Onion Farming Guide in Nigeria – Planting, Care, and Harvesting

by Opeoluwa Falodun

Looking for an Onion Farming Guide in Nigeria as an academic, agro-investor or researcher? Read this article to know more.

Onion farming is both incredibly simple and lucrative. Onion plant care is likewise relatively low, and very little capital is needed to cultivate onions on a commercial basis. So now we discover the best practices for growing onions.


With enough drainage, onions may be grown in a variety of soil types, from sandy loam to clay loam. pH between 6.5 and 7.5 would be ideal. It can withstand temperatures between 13 and 24 degrees Celsius for the vegetative stage, 16 to 21 degrees Celsius for the bulbing stage, and 30 to 35 degrees Celsius for maturity and harvest. Mild weather without extremes of cold, heat, or excessive rainfall is excellent for performance.

Nursery raising of Onion seedlings:

Raised beds that are 1.2 m wide and 3–4 m long are used to plant seeds. In 45-50 days following seeding, the seedlings will be ready for transplantation.

When you do your final plowing, add 20 tonnes of FYM per hectare, or 10 tonnes of FYM and 5 tonnes of chicken manure or vermicompost. For planting, create a flatbed or broad-based furrow (BBF).

Irrigation requirement for Onion crop:

When transplanting or dabbing cloves, watering is required. Light irrigation should be performed on the third day after planting, and subsequent irrigation will be performed at intervals of 7–10 days depending on the soil quality and season. After planting, water the transplants immediately. Onions require regular watering of the furrows because to their shallow root system. Don’t use overhead irrigation since it might induce leaf diseases. The plants are being over-irrigated if the foliage has an unhealthy, yellowish tinge. A crop that has not received enough water will have too dry soil that might break. During the growth season, onions typically need 30′′ of irrigation, and the closer it gets to harvest, the more water they require. The onion won’t produce a huge bulb if it doesn’t receive enough water. Watering should be stopped and the soil let too dry after the necks start to fall over and the onions reach maturity.

Harvesting Onions.

At 50% neck fall, onions should be picked. When the onion bulbs are mature enough, proceed with harvesting them. As onion bulbs may be kept for around six months, this factor is significant for determining how long they should be preserved. When the plants stop growing new leaves and roots, the onion bulbs are mature. When an onion matures, the neck begins to droop.
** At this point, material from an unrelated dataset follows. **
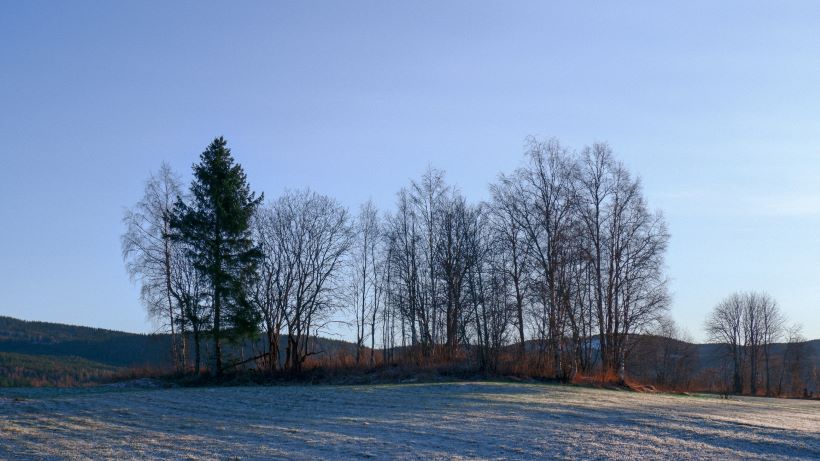 varetaxi Hurdal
The planting season, cultivar, market price, and crop quality are only a few of the variables that affect when to harvest a crop. Generally, crop harvesting begins when there is a 50% or more neck fall. A fully formed onion should be used for storage. Premature harvesting results in thick-necked bulbs, which do not keep well.
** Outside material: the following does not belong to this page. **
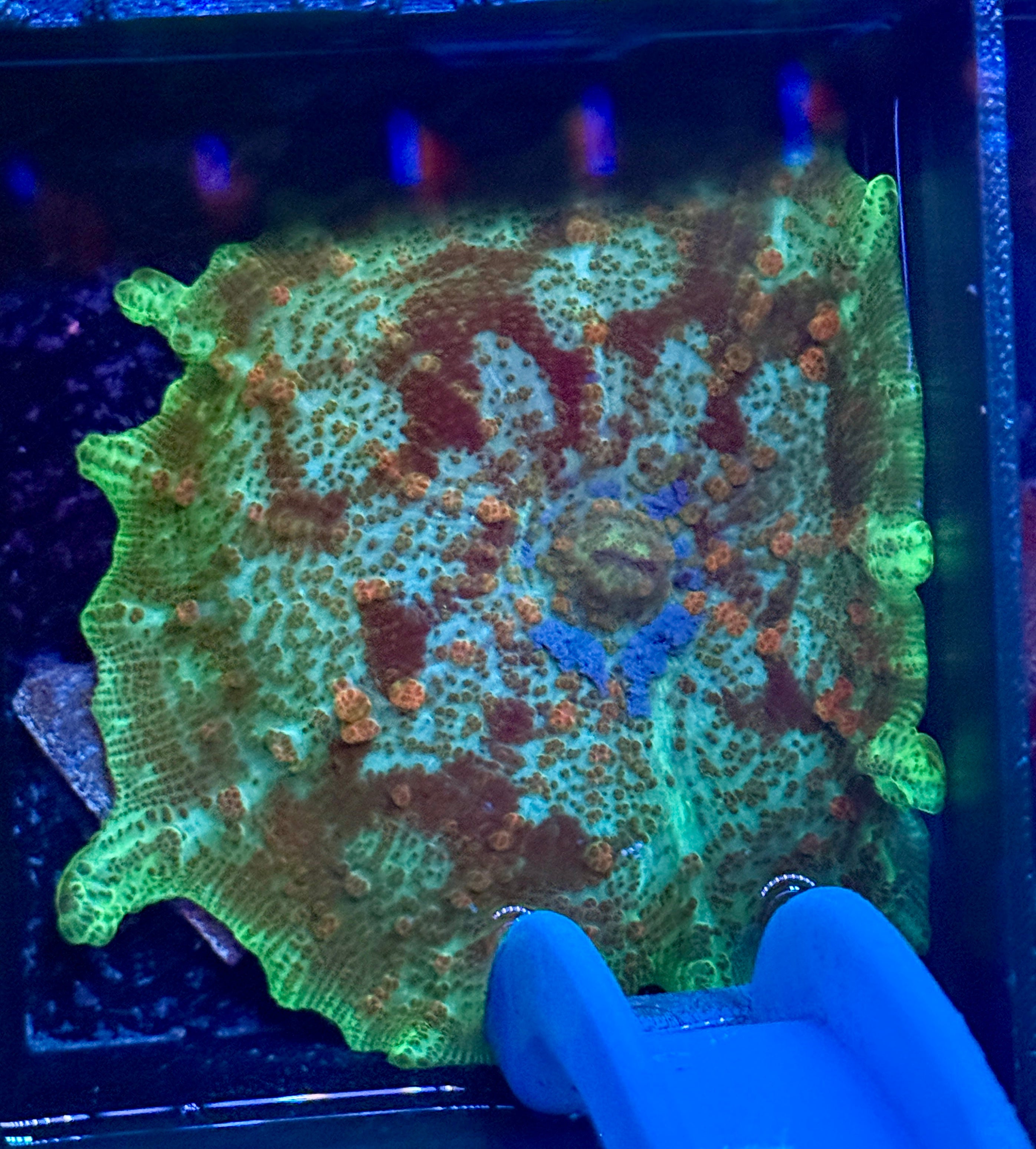 Large Green and Red Neglectus Mushroom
The effects of late harvesting include higher respiration, greater susceptibility to infections, excessive sprouting during protracted storage, and sunburn from being left in the field. If the soil is light, bulbs can be harvested by hand pulling or with hand tools. Since the Kharif crop’s development is unabated, forceful toppling should be implemented 15 days prior to harvest. Onion and tops are maintained in the field for two to three days before curing is required to remove excess moisture from the outer skin and neck and prevent shrinkage and color development in storage.